I must first point out that the court below did not formulate any issue touching on the refusal of the learned trial Judge to visit the locus in quo as erroneously contended by the learned appellant's Counsel. What happened was that the court below in the course of its assessment of the evidence adduced by the plaintiff in relation to what he should have proved in order to succeed in an action for public nuisance, the court below had to draw attention to the fact that a visit to the locus in quo would have been of immense assistance to the learned trial Judge, more so, when the second defendant prayed the court to do so.
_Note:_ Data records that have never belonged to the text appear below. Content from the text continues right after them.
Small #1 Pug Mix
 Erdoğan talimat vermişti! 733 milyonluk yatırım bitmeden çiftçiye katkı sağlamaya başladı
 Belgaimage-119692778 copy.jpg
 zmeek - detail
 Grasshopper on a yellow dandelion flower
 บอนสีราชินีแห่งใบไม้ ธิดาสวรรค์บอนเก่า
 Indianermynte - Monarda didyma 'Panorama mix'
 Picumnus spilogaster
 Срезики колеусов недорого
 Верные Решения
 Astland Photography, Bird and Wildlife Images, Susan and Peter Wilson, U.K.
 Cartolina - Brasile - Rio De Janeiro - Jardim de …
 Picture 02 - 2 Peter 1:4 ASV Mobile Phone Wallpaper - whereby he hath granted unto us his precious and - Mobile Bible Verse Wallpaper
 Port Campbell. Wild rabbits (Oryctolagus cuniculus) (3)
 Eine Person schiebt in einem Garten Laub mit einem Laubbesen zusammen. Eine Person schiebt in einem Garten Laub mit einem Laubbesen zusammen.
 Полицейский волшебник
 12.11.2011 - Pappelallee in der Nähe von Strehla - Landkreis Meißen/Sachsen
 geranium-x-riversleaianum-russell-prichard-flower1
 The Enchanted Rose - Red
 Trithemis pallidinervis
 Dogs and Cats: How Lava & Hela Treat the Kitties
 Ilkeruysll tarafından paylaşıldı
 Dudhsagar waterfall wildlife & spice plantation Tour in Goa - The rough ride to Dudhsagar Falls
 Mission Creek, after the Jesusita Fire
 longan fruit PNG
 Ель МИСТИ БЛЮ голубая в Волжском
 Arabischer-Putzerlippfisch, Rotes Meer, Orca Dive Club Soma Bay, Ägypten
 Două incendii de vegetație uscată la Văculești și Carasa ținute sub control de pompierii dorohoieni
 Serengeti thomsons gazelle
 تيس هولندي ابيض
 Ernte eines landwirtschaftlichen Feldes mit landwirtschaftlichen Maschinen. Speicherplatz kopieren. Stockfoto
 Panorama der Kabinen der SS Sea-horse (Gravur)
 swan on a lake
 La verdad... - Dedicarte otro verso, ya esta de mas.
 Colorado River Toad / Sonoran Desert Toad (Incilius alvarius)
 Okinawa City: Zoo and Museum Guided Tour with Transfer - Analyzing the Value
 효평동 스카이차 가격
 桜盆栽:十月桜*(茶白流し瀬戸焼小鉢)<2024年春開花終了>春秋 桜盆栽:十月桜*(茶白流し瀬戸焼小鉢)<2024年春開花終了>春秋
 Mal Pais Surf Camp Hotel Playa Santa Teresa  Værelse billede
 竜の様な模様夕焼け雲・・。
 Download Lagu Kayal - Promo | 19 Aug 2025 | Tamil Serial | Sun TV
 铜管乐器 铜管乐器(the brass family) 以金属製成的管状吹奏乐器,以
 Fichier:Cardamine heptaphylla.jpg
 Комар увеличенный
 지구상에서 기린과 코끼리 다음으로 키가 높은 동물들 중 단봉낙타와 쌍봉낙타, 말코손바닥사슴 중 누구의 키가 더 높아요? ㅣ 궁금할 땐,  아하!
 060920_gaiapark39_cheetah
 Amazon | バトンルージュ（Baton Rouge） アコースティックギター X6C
The court below per Pats-Acholonu, JCA stated as follows:-
"Against their story of immobility caused by complete blockage, the defendants/appellants said that in fact they created a diversion. The important thing here is whether that trench really and truly (sic) caused an obstruction of such magnitude that the plaintiff's business suffered gravely . . . The necessary inference from this application for the court to go to the place in contention is to ascertain how and where the trench was dug and whether it really could have hindered mobility of the plaintiff's vehicles as to render them useless from the point of view of the pleadings and evidence of the plaintiff and his cohorts. It will equally enable him no doubt to see whether there is infact any diversion as the appellants claimed."
On the same issue, Uwaifo JCA in his concurring judgment said:-
"As the case was constituted, therefore, at the close of the plaintiff's case, no prima facie case was made against the second, third and fourth defendants or at all. The need to hear the case of the said defendants did not then arise and the claim should have been dismissed as against them: (See Aromire v Awoyemi (1972) 2 SC 1 at 10-11). To make the plaintiff's case even worse, PW3 said in re-examination: 'There is another road leading to our Garage apart from Ono-Oko Oponu Street'. The plaintiff himself however said Ono-Oko Oponu Street was the only road leading to his place of business. The second defendant later moved the court to visit the locus in quo for the purpose of assessing the evidence led by the plaintiff that his vehicles were immobilised as a result of the blockade of Ono-Oko Oponu Street. This was, quite surprisingly, opposed by the plaintiff and the trial court agreed and saw no need for a visit. I think a useful opportunity was missed."
From the above excerpts, it is clear that the court below was considering the entire evidence adduced by the appellant and his witnesses in order to determine whether he, as a private individual had suffered over and above what might have been suffered by the general public through the obstruction of the highway, otherwise, such an action would lie at the suit of the Attorney-General by way of relator action.